== Action item ==
With the pictures removed, please write out every line below exactly as given.

== Data section ==
+---+

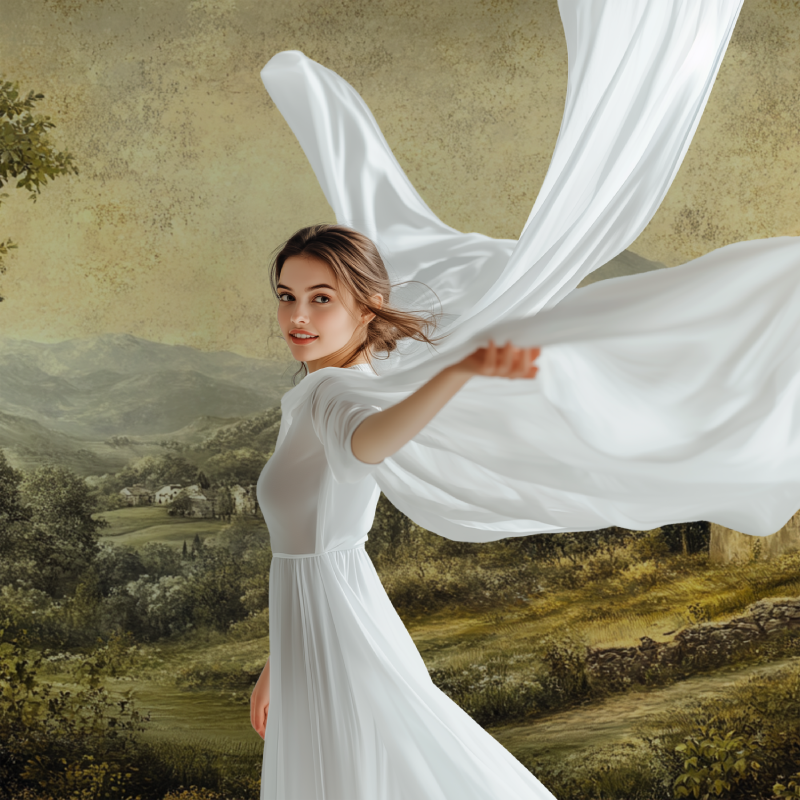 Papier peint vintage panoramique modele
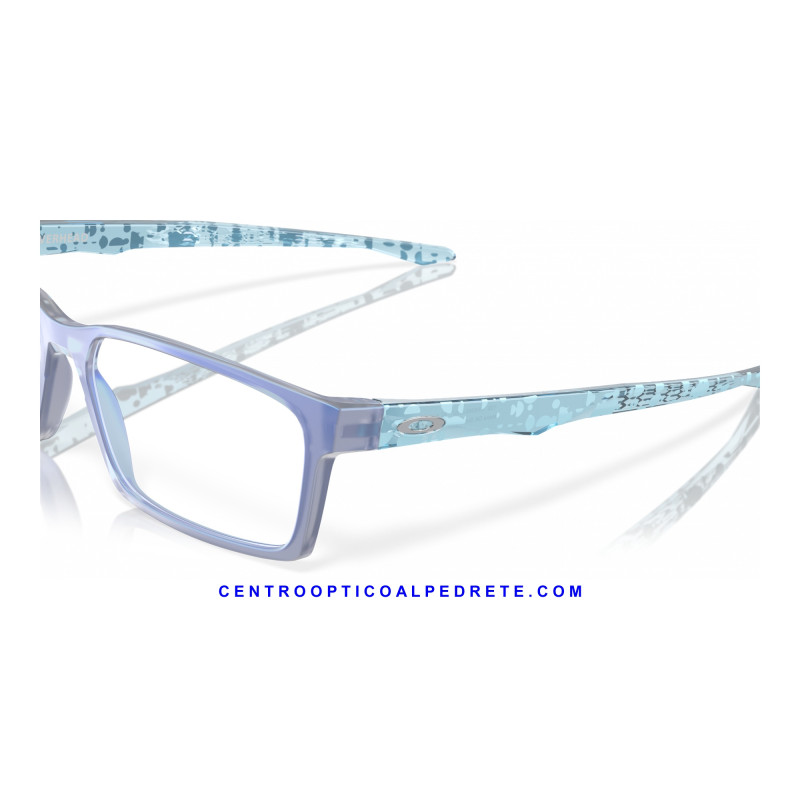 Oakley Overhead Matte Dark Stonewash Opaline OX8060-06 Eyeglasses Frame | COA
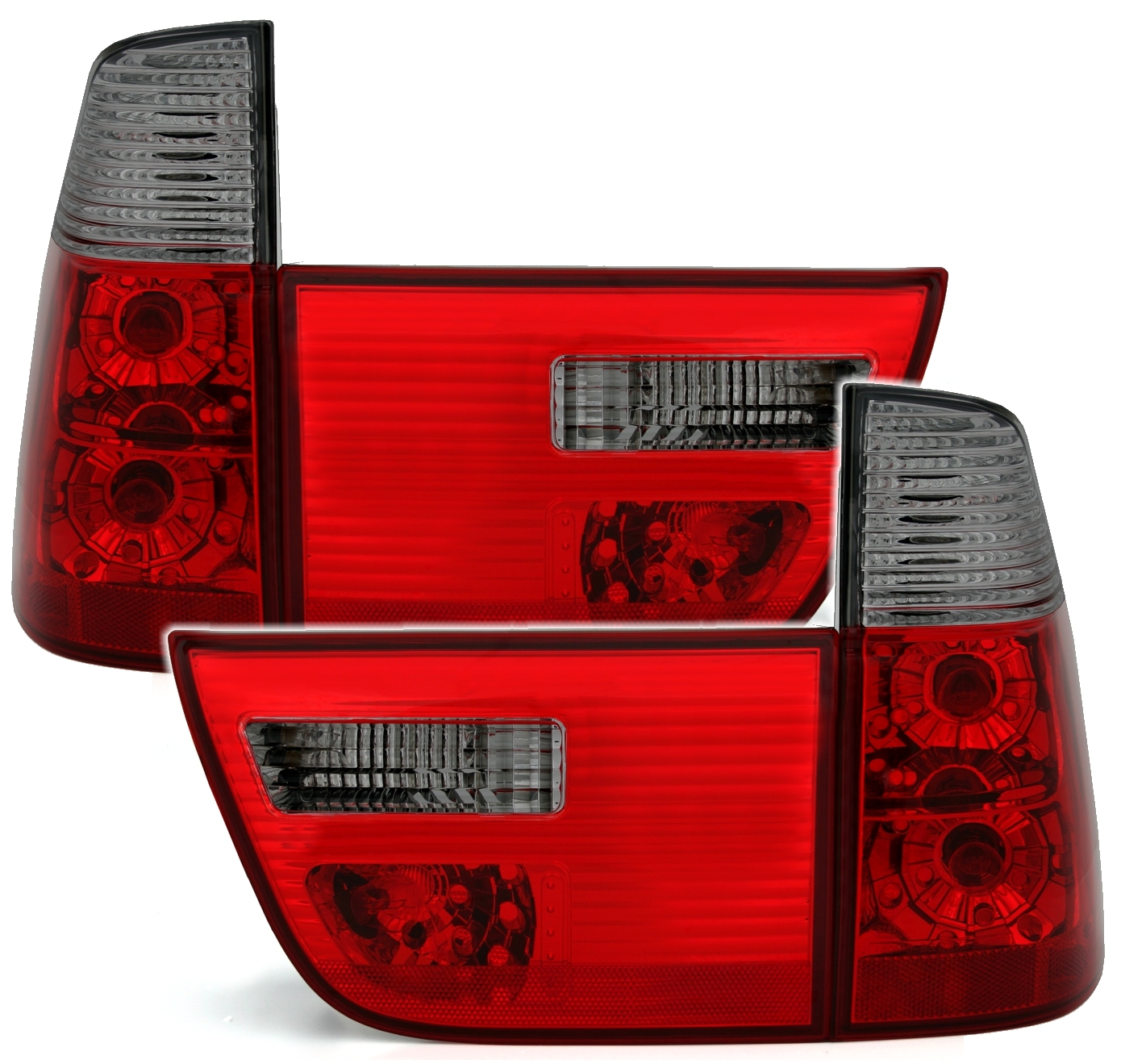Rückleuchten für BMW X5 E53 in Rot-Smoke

+---+

== Result of the exercise ==
 Papier peint vintage panoramique modele
 Oakley Overhead Matte Dark Stonewash Opaline OX8060-06 Eyeglasses Frame | COA
Rückleuchten für BMW X5 E53 in Rot-Smoke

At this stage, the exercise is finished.